A constitutionalist, Neil Gorsuch, was confirmed to the Supreme Court. Tax reform passed under budget reconciliation. The tax cut was smaller than Mr. Trump’s campaign plan ($1 trillion versus $5.9 trillion over 10 years) and ended double taxation of U.S. companies’ foreign profits.

Tensions emerged between congressional Republicans and Mr. Trump. They wanted him to quit talking about the Russia investigation and take tough action against Vladimir Putin. They opposed his flirtation with ending the North American Free Trade Agreement. They didn’t have to draft an infrastructure bill because he lacked a specific proposal.

Arrests of criminal illegal immigrants rose in fiscal 2017. The border wall is still “virtual” and Mexico refuses to pick up the tab. Russia remains mired in the Syrian civil war. It continues trying to destabilize Ukraine, undermine NATO and weaken U.S. influence. Angela Merkel was narrowly re-elected Germany’s chancellor. At the Oscars, “Moonlight” won best picture and Casey Affleck took best actor.

A few of my calls were close enough to count. Congress raised the debt ceiling in an ugly vote, but in March, not April. The populist wave fell short in Europe and Marine Le Pen lost in France, but to Emmanuel Macron, not François Fillon. The Dutch Party of Freedom is not in government, but it came in second (not first) in national elections.

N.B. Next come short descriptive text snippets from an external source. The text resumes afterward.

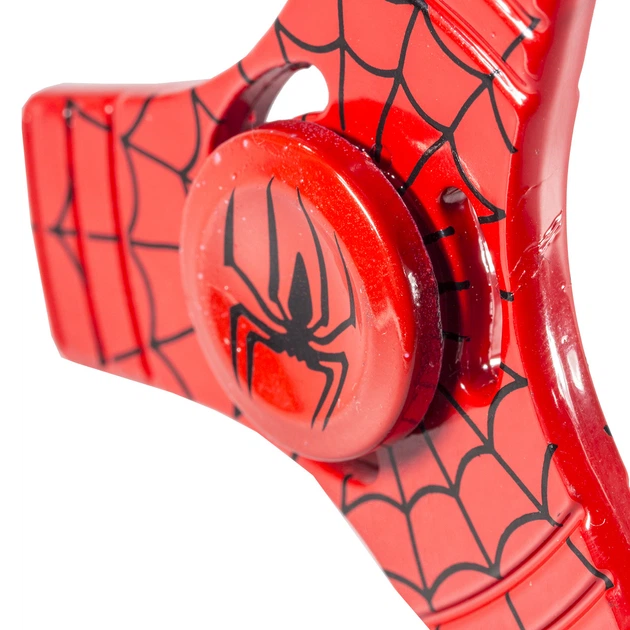 Cпиннер металлический Fidget spinner Паук Красный игрушка антистресс - изображение 7
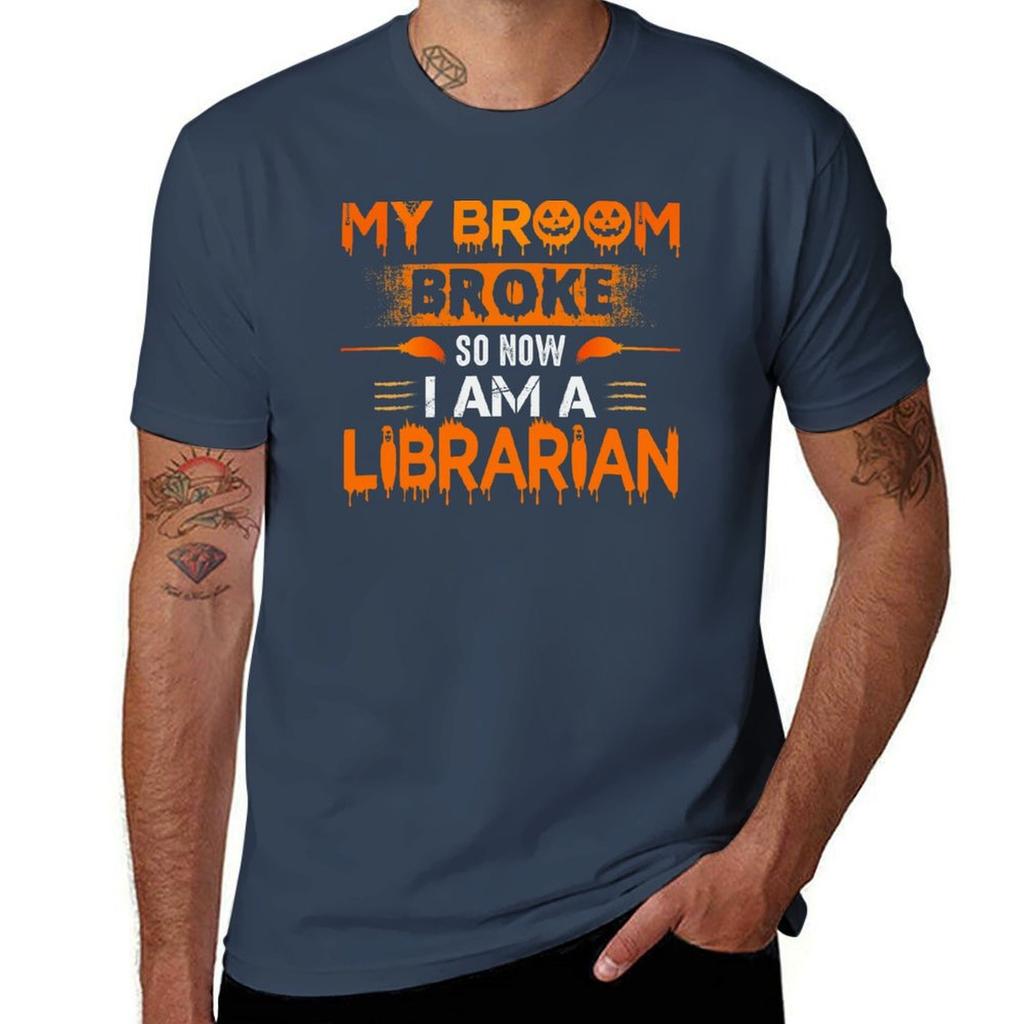 Funny Librarian Shirts Tshirt Utility Casual Work Tshirt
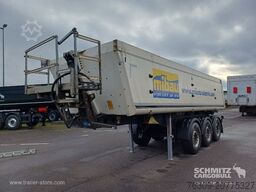 Schmitz Cargobull Kipper Alukastenmulde 24m³
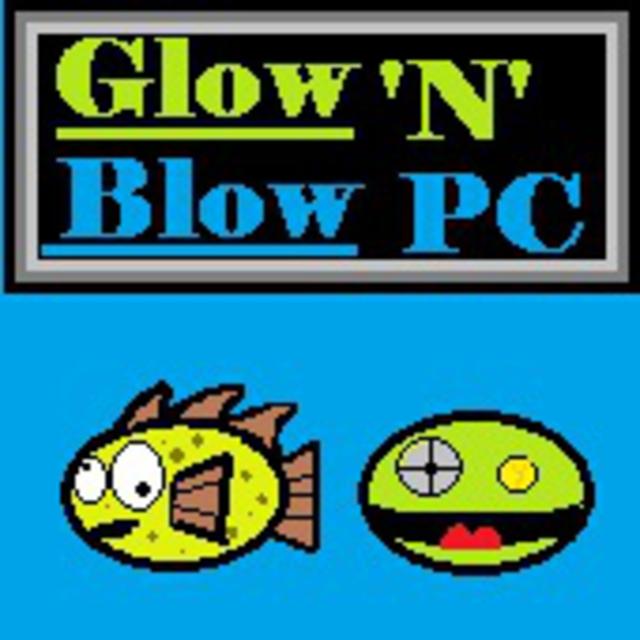 GlowBlow Chat - podcast cover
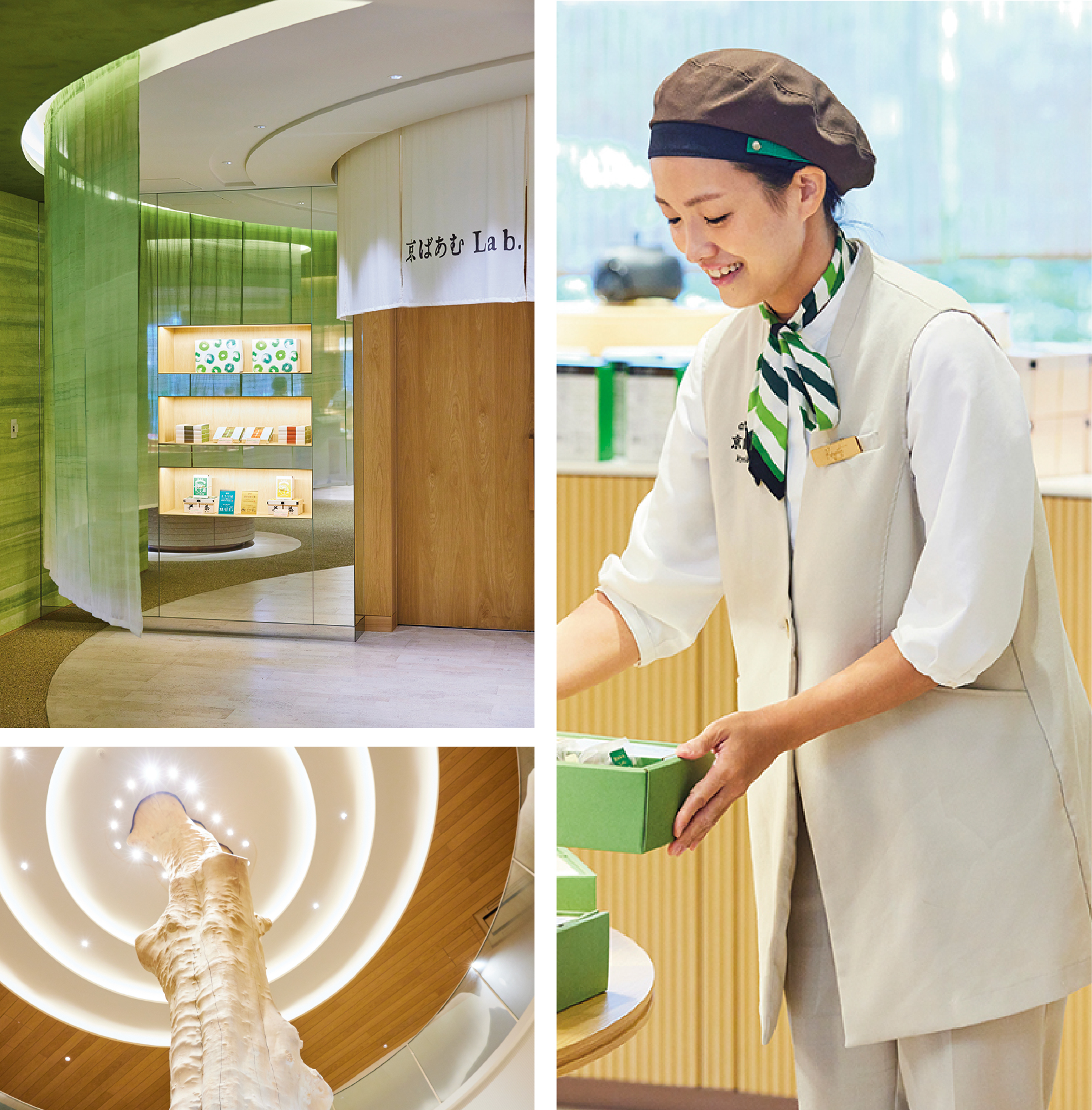 動きやすさも、使い勝手も。どんなシーンでも快適で、ストレスを感じさせません。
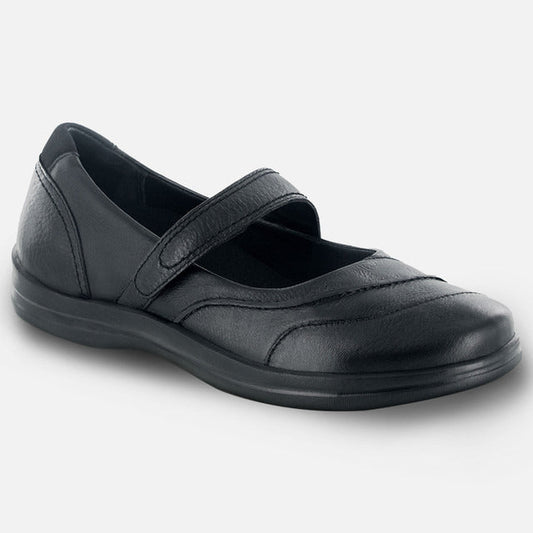 Apexfoot Women's Dress Shoe Petals Lisa - Black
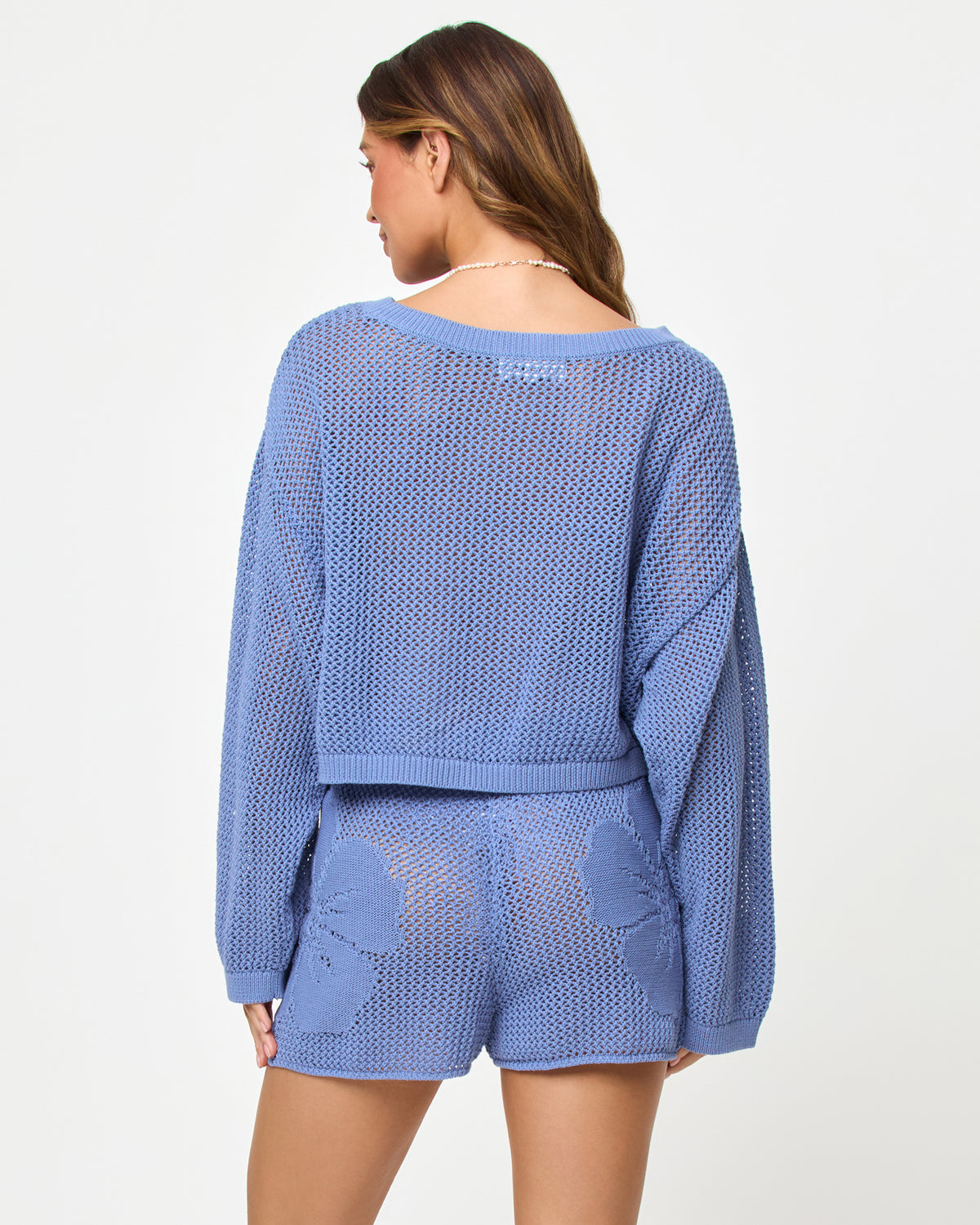 Island Time Sweater - Chambray Island Time Sweater - Chambray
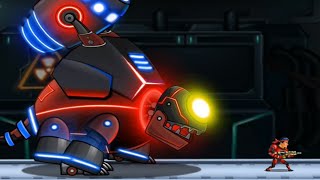 Alpha Guns 2 : Mission 1-2 Android Gameplay | Alpha Guns 2 Level 1-2 All Bosses Gameplay [HD] screenshot 4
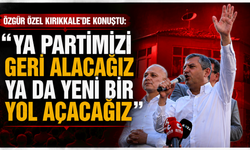 Özgür Özel: “Ya partimizi geri alacağız ya da yeni bir yol açacağız”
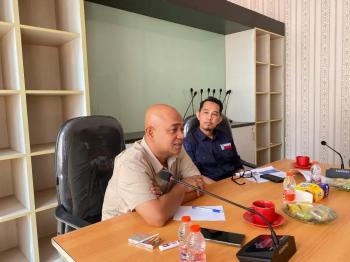 Satpol PP Kampar Gaspol Persiapan HUT, Upacara Puncak Digelar 11 Mei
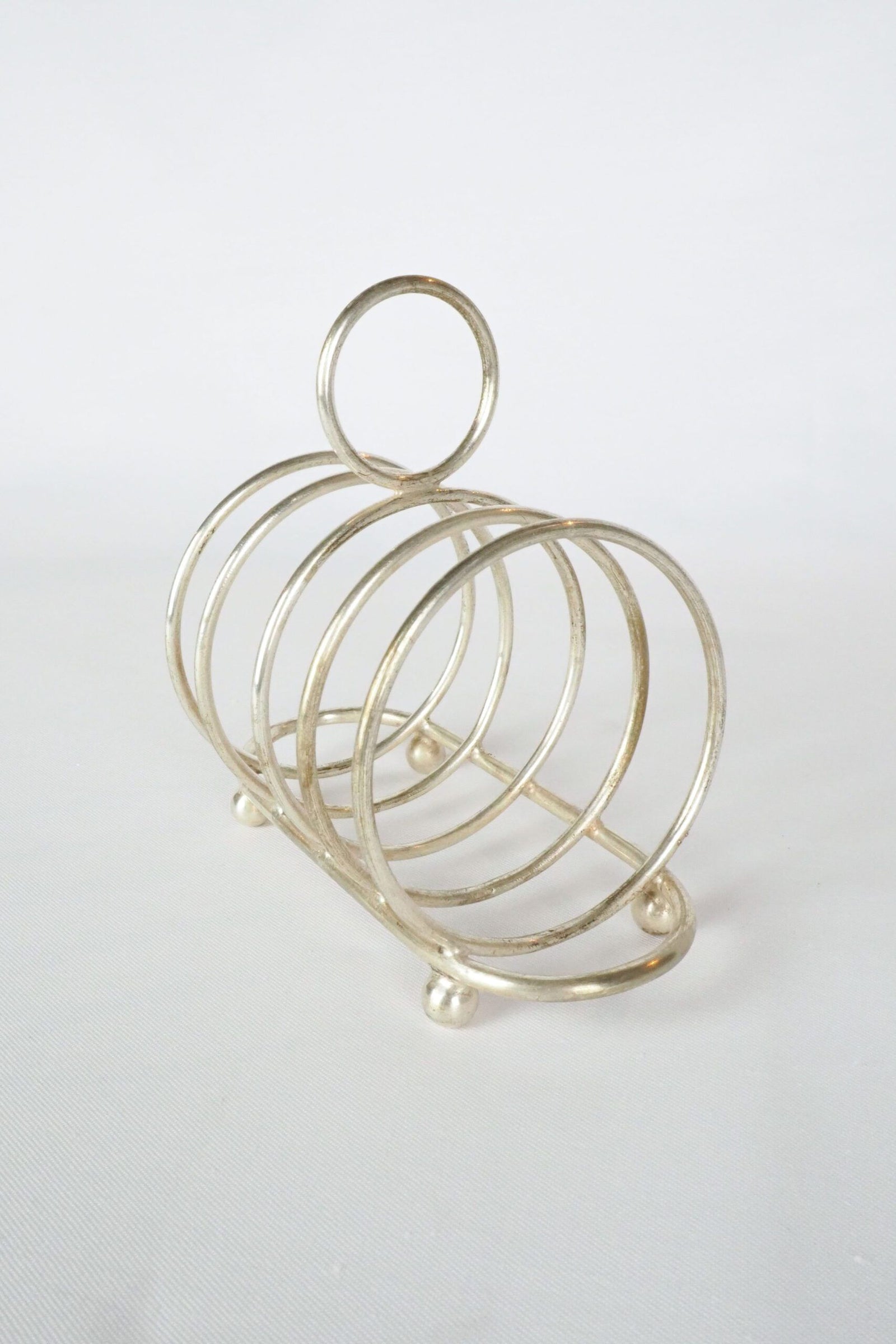 Silver Plated Toast Rack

The most disappointing of my 11 missed predictions was the Senate’s failure by a single vote to repeal ObamaCare. Also, the courts did not strike down the Consumer Financial Protection Bureau’s funding mechanism. Sanctuary cities haven’t been forced to turn over criminal aliens. There was no compromise on “Dreamers.” My friend Ed Gillespie wasn’t elected Virginia’s governor.

Six busted calls involved sports and movies. Clemson beat Alabama; the Patriots defeated the Falcons (my pick, the Cowboys, didn’t even win a playoff game); the Astros beat the Dodgers (who’d ousted my selection, the Cubs); and Russell Westbrook averaged a triple-double (I thought he’d fall short). Emma Stone, not Natalie Portman, won best actress, and “Thor” outclassed “Wonder Woman” at the box office.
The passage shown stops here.